A  na budowie tak, skończyłem siatkę i klej na  północnej ścianie (czekamy na drzwi), i zabrałem się za ocieplanie wschodzniej czyli drugą szczytową.

----------


## the_anonim

I na koniec parę detali  które chyba warto pokazać:

Kable wychodzą z płyty potem szybki rowek w BK spinki i gotowe (gniazdka kinkiety itp) plus dla BK za łatwość pracy w tym materiale.






Gniazdka itp będę chyba tak obsadzał na xps-ie, jak widać nie zawsze jest równo ehh te moje wieńce i słupy :Mad: 






A tu obraz dlaczego większość rzeczy robię sam, pokażcie ekipę której chciałoby się to tak zrobić żeby było w jednym kawałku i wszystko pasowało (felc na okno, otwór na xps-a i przytarcie na części bo słup betonowy nierówny)







Obróbka okna HS, rama ma szerokość 9cm więc postanowiłem nachodzić 5cm, zwykłe okna mają ramę 7cm i tam będę najeżdżał 4cm. Siatka klej tynk i zostanie mało ramy tak jak mi pasuje :big grin: 









Pozdrawiam

----------


## annatulipanna

Nieźle rzeźbisz w styropianie  :wink:  Elewacja idzie Ci świetnie. Gratuluję  :wink:  Jednak te Twoje ciepłe parapety nieustannie wzbudzają mój niepokój. Nie da się tego reklamować? Coś Ci je ewidentnie zżera i nie wiadomo, czy ten proces ustąpi. Czekam na drewniany fragment elewacji z niecierpliwością. Czuję, że będzie świetnie to wyglądało, choć dom, z którego zaczerpnąłeś inspirację, nie przypadł mi do gustu. Podglądam, kibicuję i podziwiam pracę własną w Twoim wydaniu  :wink: 





> ... a wczoraj urodziny córy. Tak że szlachta się bawi nie ma komu robić. Przy niedzieli wrzucę wam coś smacznego do kawy


Heh... widzę, że miniony weekend upłynął nam w podobnym klimacie (u mnie nieco mroczniej  :wink: )

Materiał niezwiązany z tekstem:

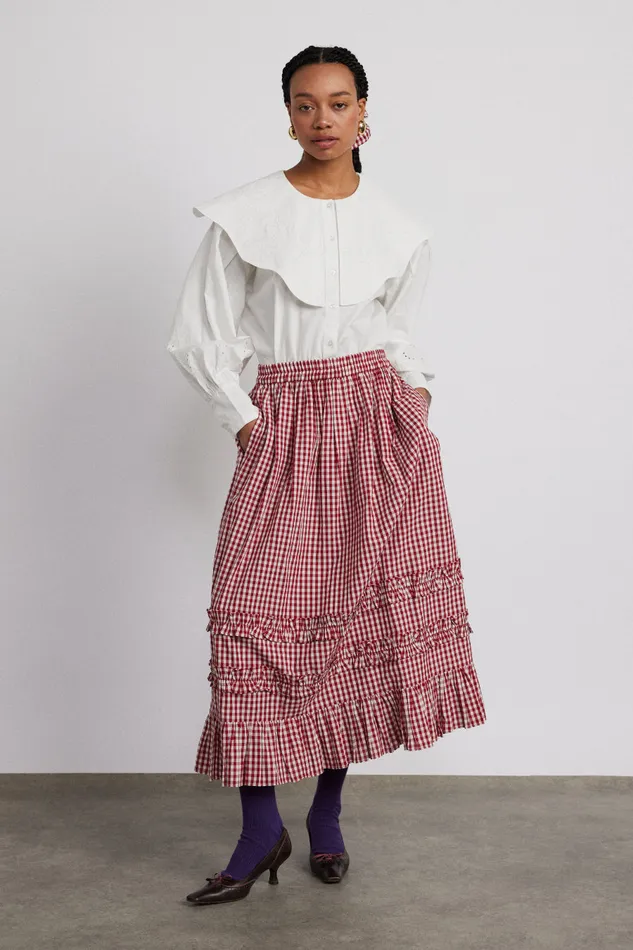 Women Bottoms Damson Madder Rina Ruffle Skirt 8211 Red Gingham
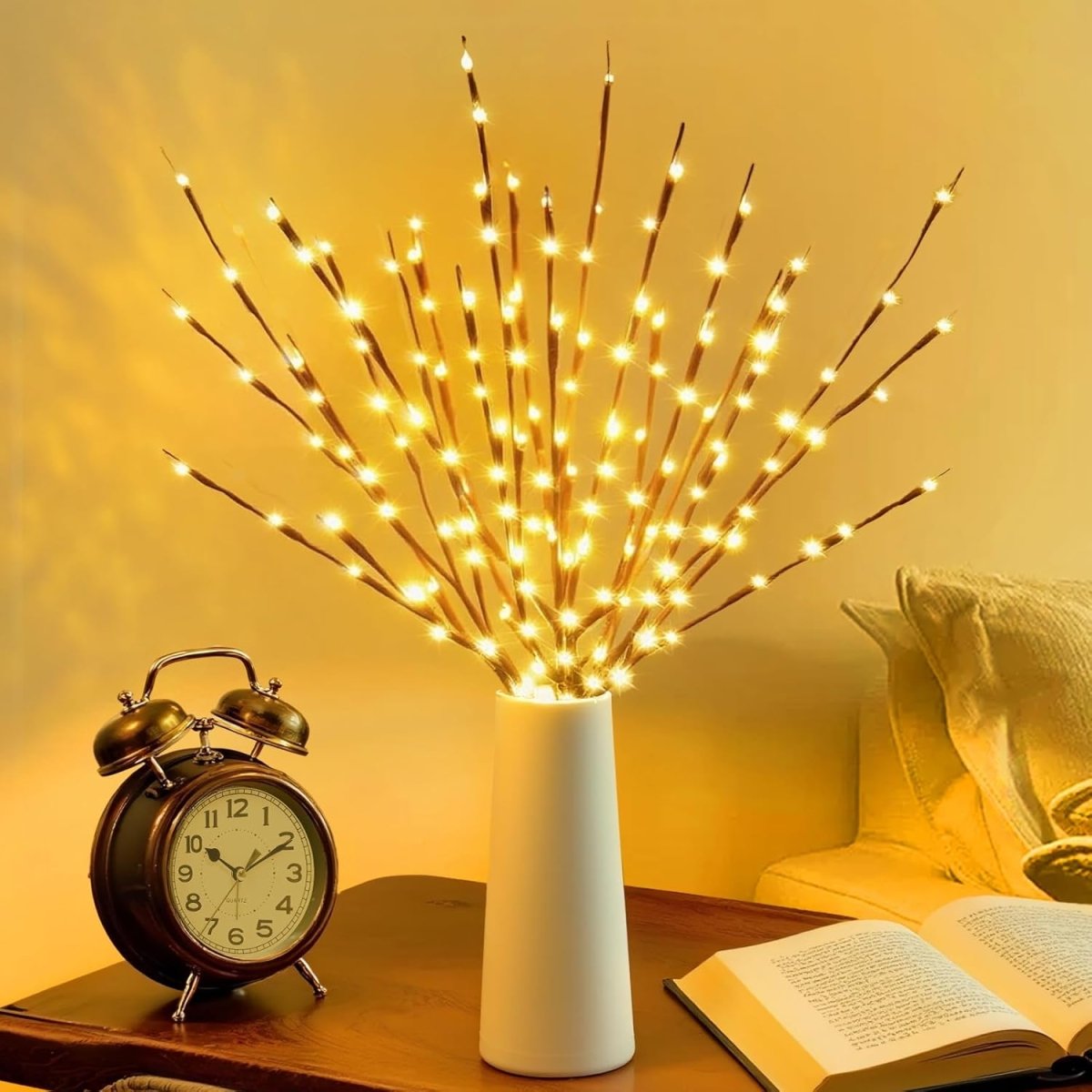 DK177 2 Pack Led Branch Light Battery Operated Lighted Branch Vase Filler Willow Tree Artificial Little Twig Power Brown 30 Inch 20 LED for Home Romantic Decoration, Warm White - Homesidy.com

Piekłam po nocach, bo w dzień tylko budowa i budowa  :cool:

----------


## the_anonim

hehe. Power of the dark side :wink:  Taki tort to ja też bym chciał na swoje hmmmm 18-naste urodziny :roll eyes:   . Parapetami się nie martw to tylko warstwa wierzchnia, po starciu jest normalny xps, myślę że za bardzo oberwał gorącym drutem podczas cięcia. Jak przyjdą parapety blaszane słonko im nie będzie szkodzić. Na elewację chyba będziesz musiała poczekać bo dopiero po nowym roku chyba będę kładł tynk. Ale mam nadzieję że wyjdzie fajnie :wink: 

Pozdrawiam i gratuluję postępów u Ciebie i czekam na info o przeprowadzce.  :big grin:

----------


## BooM80

Jak planujesz wykończyć ciepły parapet przy tym HSie ? Tam też planujesz zamontować blaszany parapet, czy coś bardziej odpornego na deptanie podczas wychodzenia na taras (bo chyba będzie taras obok tego HSa) ? Poza tym świetny dziennik, tak trzymaj  :yes:

----------


## the_anonim

Witam Cię *BooM80* :bye: 

Dzięki, cieszę się że się podoba. Staram się :big lol: 

Co do parapetów to na dziś leci tam blaszany parapet jak wszędzie plan jest taki że jak zrobię taras drewniany to drewnem wjadę na niego prawie na równo z progiem. Ale to na razie koncepcja (bo nie mam lepszej) zobaczymy co wyjdzie w praktyce. :wink:

----------


## the_anonim

*Aloha*

W tym tygodniu skupiłem się na szczytowaniu :big lol: 

W środę ułożyłem prawie całą ścianę


 




W czwartek smarkanie pianką, szlifowanie styropianu, obsadzenie narożników i siatki w narożach okien






W sobotę jak i w poprzednie dni była beznadziejna pogoda, czyli idealna do pracy z grafitowym styropianem :big lol: , więc wskoczyła siatka z klejem i takim oto sposobem została mi do zrobienia tylko południowa ściana z okanmi :tongue:  (i obróbki przy rurach spustowych od rynienn x4 :bash: )

----------


## the_anonim

Troszeczkę szczegółów

Zastanawiałem się ostatnio w dzienniku *annytulipanny* czy wypełniać przestrzenie między styro a ramą okna i u siebie również postanowiłem wypełnić każdy milimetr luzu, a co kto samorobowi zabroni :wink: . Użyłem sprawdzonej pianki elastycznej soudal, (polecam). Z resztek pianki są świetne zatyczki do uszu no i ten kolor :big lol: 



Aplikacja a potem obcinamy ostrym nożykiem i gotowe





Poza tym przy parterowym domu często dla jakieś pierdółki nie warto rozstawiać rusztowania, u mnie sprawdza się taki patent (drabina + pianka dylatacyjna do podłogówki). Styropian Knaufa jest na tyle twardy że nie ma żadnych śladów czy wgnieceń od drabiny.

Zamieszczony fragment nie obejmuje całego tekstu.